* **The records**:
# # # # #

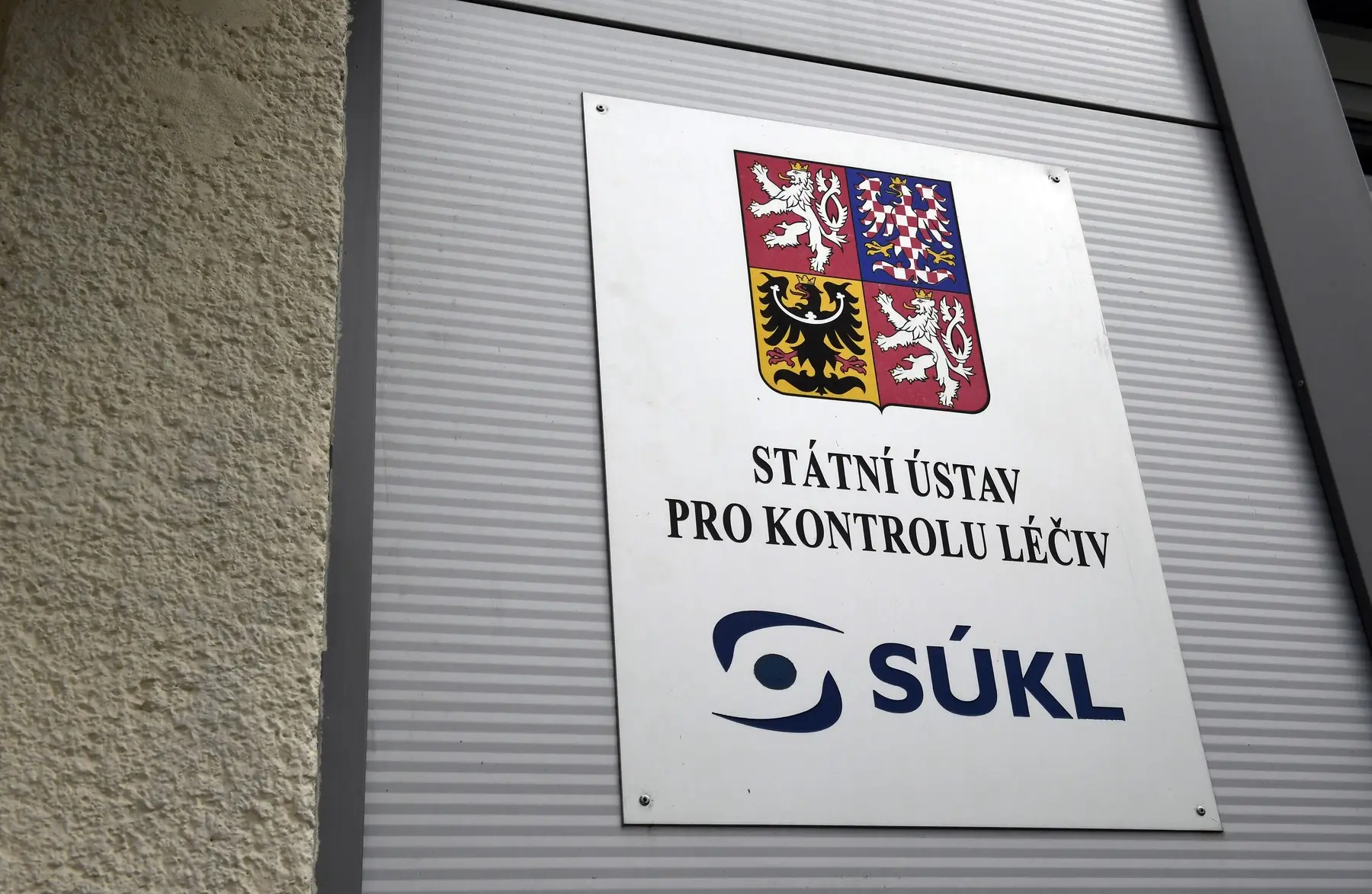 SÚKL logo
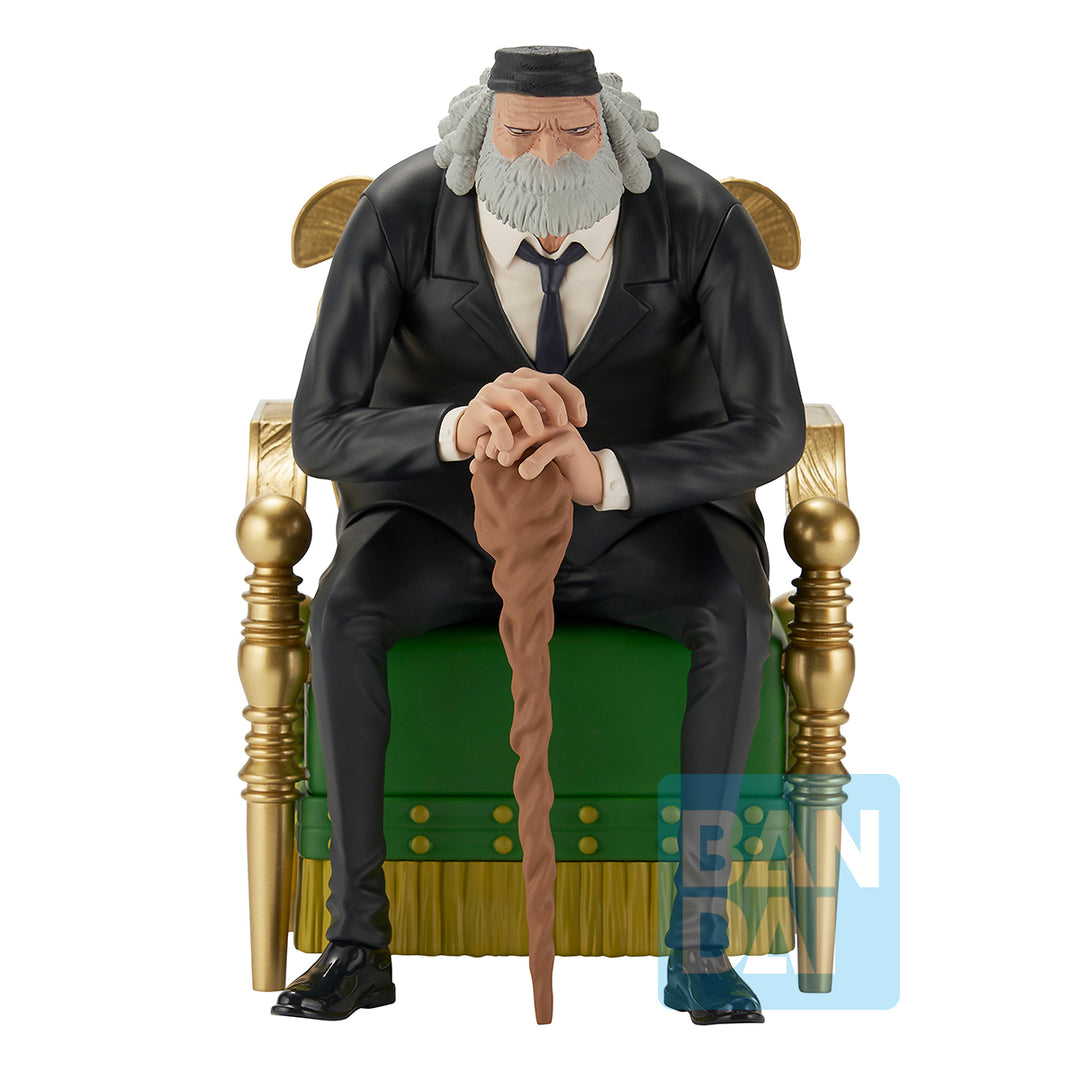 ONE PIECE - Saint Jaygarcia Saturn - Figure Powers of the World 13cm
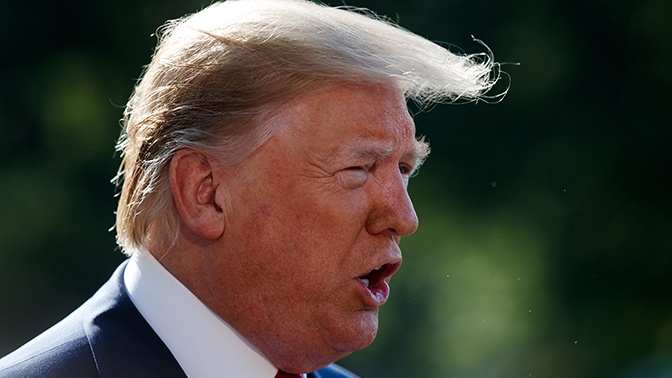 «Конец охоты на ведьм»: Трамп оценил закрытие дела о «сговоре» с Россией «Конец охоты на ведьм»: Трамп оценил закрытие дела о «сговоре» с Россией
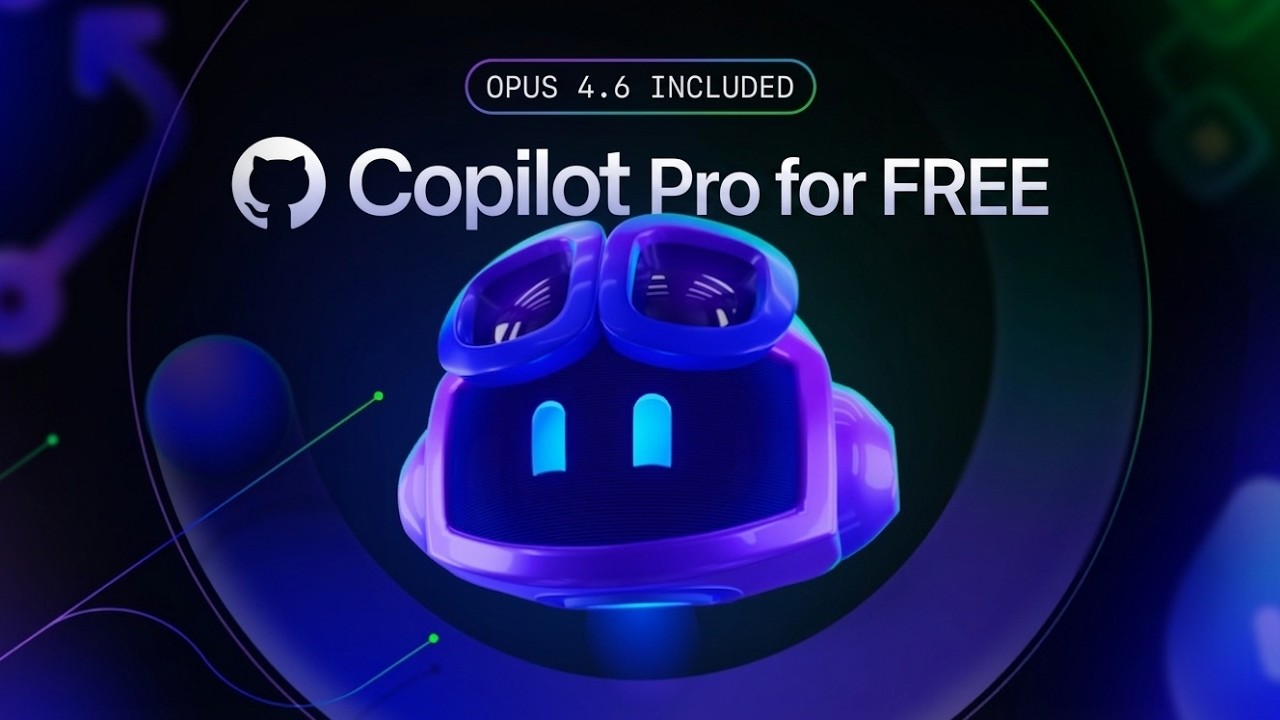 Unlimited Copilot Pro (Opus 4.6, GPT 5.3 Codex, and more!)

# # # # #

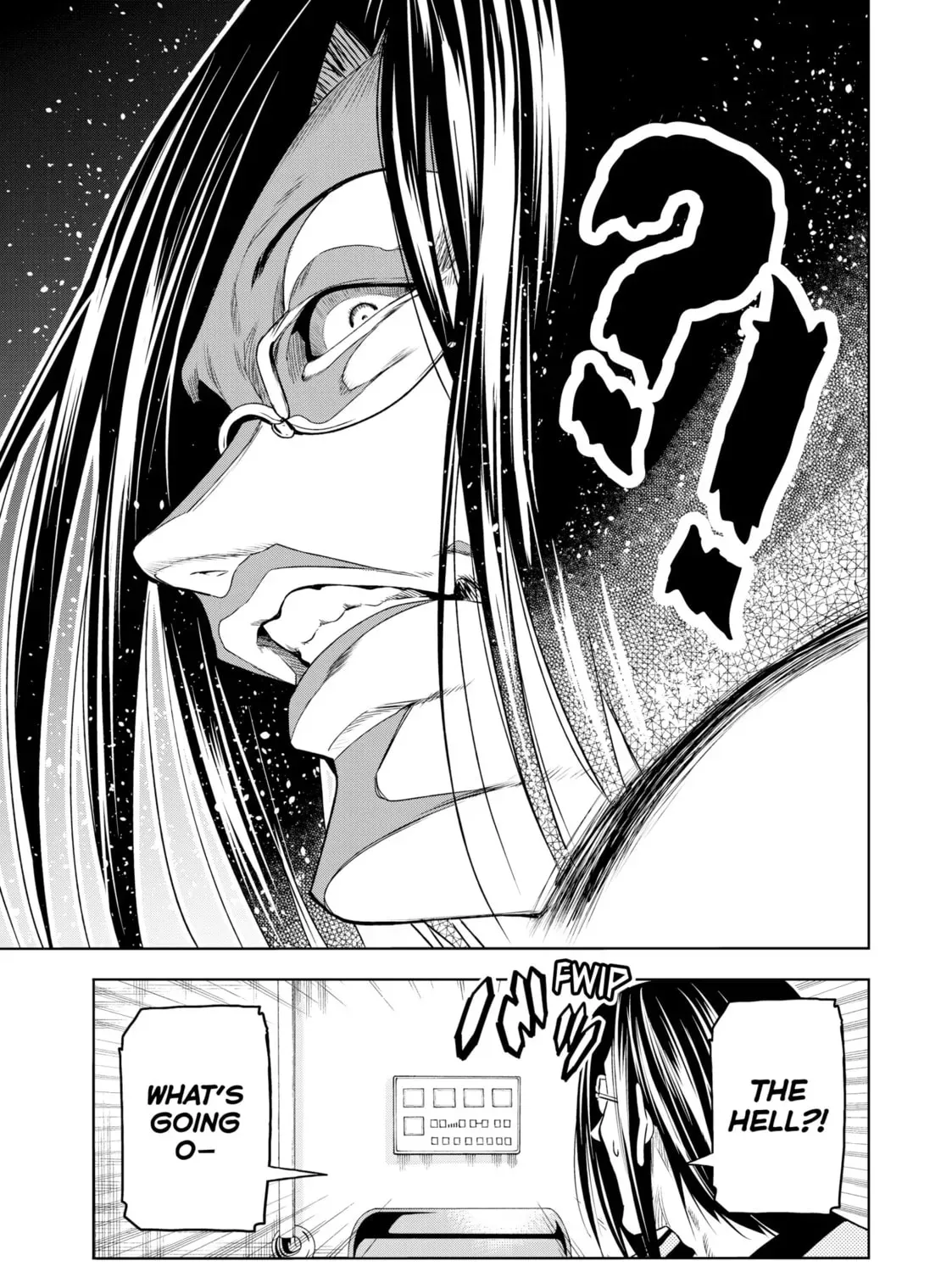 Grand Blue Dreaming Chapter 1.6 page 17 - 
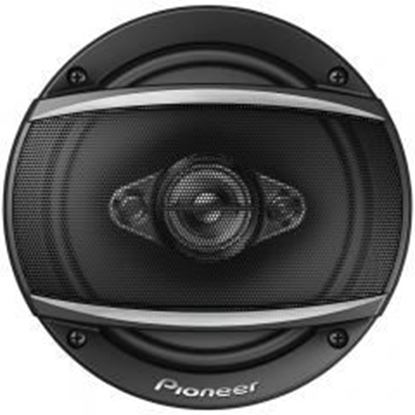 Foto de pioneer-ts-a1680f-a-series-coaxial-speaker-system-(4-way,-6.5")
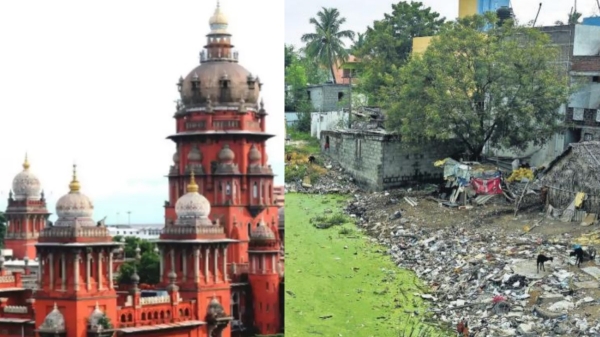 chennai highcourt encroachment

# # # # #

* **Work request**: Using the material above, reproduce only the lines that run from the line with "Grand Blue Dreaming" up to and including the line with "chennai highcourt encroachment", exactly, with the pictures dropped.

* **Completed task**:
 Grand Blue Dreaming Chapter 1.6 page 17 - 
 Foto de pioneer-ts-a1680f-a-series-coaxial-speaker-system-(4-way,-6.5")
 chennai highcourt encroachment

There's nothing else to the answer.